=== Records ===
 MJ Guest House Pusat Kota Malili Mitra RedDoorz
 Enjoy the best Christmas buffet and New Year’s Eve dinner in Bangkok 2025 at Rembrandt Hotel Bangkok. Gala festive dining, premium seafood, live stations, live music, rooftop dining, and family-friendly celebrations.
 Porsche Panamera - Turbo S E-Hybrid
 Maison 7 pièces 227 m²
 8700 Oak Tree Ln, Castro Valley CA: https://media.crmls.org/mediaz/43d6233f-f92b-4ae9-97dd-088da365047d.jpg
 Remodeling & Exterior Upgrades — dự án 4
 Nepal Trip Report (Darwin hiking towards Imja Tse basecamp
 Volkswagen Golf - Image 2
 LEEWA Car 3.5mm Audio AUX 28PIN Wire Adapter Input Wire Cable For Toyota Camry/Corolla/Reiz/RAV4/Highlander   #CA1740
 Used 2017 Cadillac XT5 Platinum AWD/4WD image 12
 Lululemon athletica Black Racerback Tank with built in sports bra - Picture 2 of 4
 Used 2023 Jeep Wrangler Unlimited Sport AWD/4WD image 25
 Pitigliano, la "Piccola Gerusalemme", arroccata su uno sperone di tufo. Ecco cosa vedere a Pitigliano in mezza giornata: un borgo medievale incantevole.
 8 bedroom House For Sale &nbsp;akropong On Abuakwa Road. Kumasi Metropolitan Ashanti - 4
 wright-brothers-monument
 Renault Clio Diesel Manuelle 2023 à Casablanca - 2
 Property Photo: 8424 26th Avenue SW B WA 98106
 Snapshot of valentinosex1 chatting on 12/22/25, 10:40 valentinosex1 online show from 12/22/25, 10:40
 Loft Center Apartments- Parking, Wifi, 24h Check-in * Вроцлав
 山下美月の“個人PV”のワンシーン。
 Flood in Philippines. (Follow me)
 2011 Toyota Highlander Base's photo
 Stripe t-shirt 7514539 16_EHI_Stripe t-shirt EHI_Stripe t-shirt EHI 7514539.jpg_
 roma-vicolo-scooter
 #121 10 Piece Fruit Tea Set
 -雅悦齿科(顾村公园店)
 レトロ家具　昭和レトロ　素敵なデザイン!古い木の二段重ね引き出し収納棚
===
Your instructions: Set down each record verbatim.

Output for this task:
 MJ Guest House Pusat Kota Malili Mitra RedDoorz
 Enjoy the best Christmas buffet and New Year’s Eve dinner in Bangkok 2025 at Rembrandt Hotel Bangkok. Gala festive dining, premium seafood, live stations, live music, rooftop dining, and family-friendly celebrations.
 Porsche Panamera - Turbo S E-Hybrid
 Maison 7 pièces 227 m²
 8700 Oak Tree Ln, Castro Valley CA: https://media.crmls.org/mediaz/43d6233f-f92b-4ae9-97dd-088da365047d.jpg
 Remodeling & Exterior Upgrades — dự án 4
 Nepal Trip Report (Darwin hiking towards Imja Tse basecamp
 Volkswagen Golf - Image 2
 LEEWA Car 3.5mm Audio AUX 28PIN Wire Adapter Input Wire Cable For Toyota Camry/Corolla/Reiz/RAV4/Highlander   #CA1740
 Used 2017 Cadillac XT5 Platinum AWD/4WD image 12
 Lululemon athletica Black Racerback Tank with built in sports bra - Picture 2 of 4
 Used 2023 Jeep Wrangler Unlimited Sport AWD/4WD image 25
 Pitigliano, la "Piccola Gerusalemme", arroccata su uno sperone di tufo. Ecco cosa vedere a Pitigliano in mezza giornata: un borgo medievale incantevole.
 8 bedroom House For Sale &nbsp;akropong On Abuakwa Road. Kumasi Metropolitan Ashanti - 4
 wright-brothers-monument
 Renault Clio Diesel Manuelle 2023 à Casablanca - 2
 Property Photo: 8424 26th Avenue SW B WA 98106
 Snapshot of valentinosex1 chatting on 12/22/25, 10:40 valentinosex1 online show from 12/22/25, 10:40
 Loft Center Apartments- Parking, Wifi, 24h Check-in * Вроцлав
 山下美月の“個人PV”のワンシーン。
 Flood in Philippines. (Follow me)
 2011 Toyota Highlander Base's photo
 Stripe t-shirt 7514539 16_EHI_Stripe t-shirt EHI_Stripe t-shirt EHI 7514539.jpg_
 roma-vicolo-scooter
 #121 10 Piece Fruit Tea Set
 -雅悦齿科(顾村公园店)
 レトロ家具　昭和レトロ　素敵なデザイン!古い木の二段重ね引き出し収納棚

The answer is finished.